We have long been planning to cover the caching mechanisms in CPUs. As a shared knowledge base for the discussions in this session we chose the following two articles by Martin Thompson among other things known for his work on the LMAX Disruptor:
CPU Cache Flushing Fallacy including a good overview over the different caches in modern Intel CPUs.
Write Combining exemplifying the advanced mechanisms one can find in today’s CPUs and how one can make use of them.
Below I am listing a couple of take-aways of the session as well as further learning resources:
As a rule of thumb with each cache level the access latency quadruples (L1 1ns, L2 3ns, L3 12ns, DRAM 65ns).
Tyler wrote two great
tools
to show different CPU optimizations and and the impact of synchronization
on your hardware. Make sure you have a Rust environment set up. You can run
each of them via cargo run --bin <name> --release
.
increment
: Comparing different ways (volatile, volatile + release fence,
volatile + seqcst fence, seqcst CAS, …) of incrementing a counter 500
million times thus showing the impact of the cache coherence protocol e.g.

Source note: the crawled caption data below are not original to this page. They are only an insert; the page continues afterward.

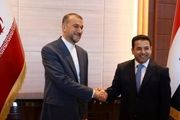 شمخانی بزودی برای امضای سند همکاری امنیتی به عراق سفر می‌کند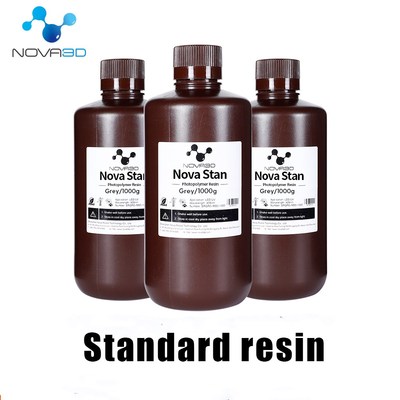 NOVA3D UV Resin 3D Printer 405nm LCD Printing Resina Colorf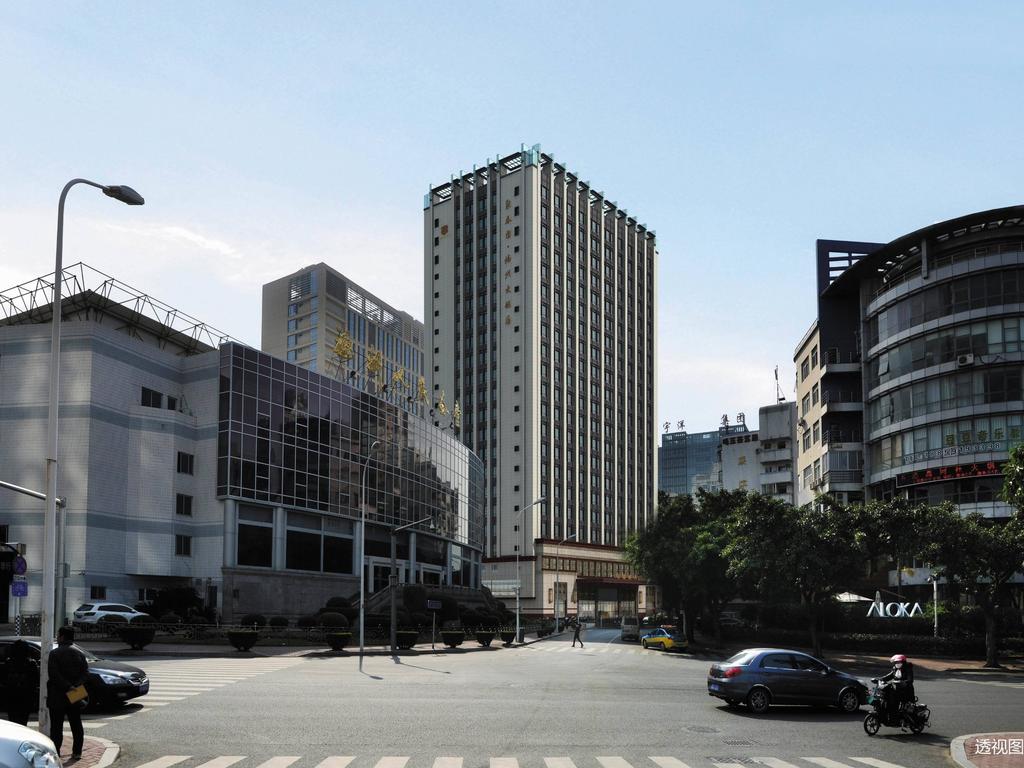 Fuzhou Hotel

load & store buffer flushes.
write_combining
: Enabling one to see the write combining optimization in
action described by Martin Thompson in the blog
post
mentioned above. Looking at the latency jumps one can estimate the line
fill buffer length of ones CPU.
During the session Tyler often showed excerpts from the Intel manuals, in particular:
Chapter 8 and 11 from the Software developers manual. It is worth taking a look at the memory ordering section in 8.2.2.
CPUs expose a lot of performance metrics. On Linux and with Intel Sandy bridge CPUs one can take a look at the corresponding Kernel subsystem.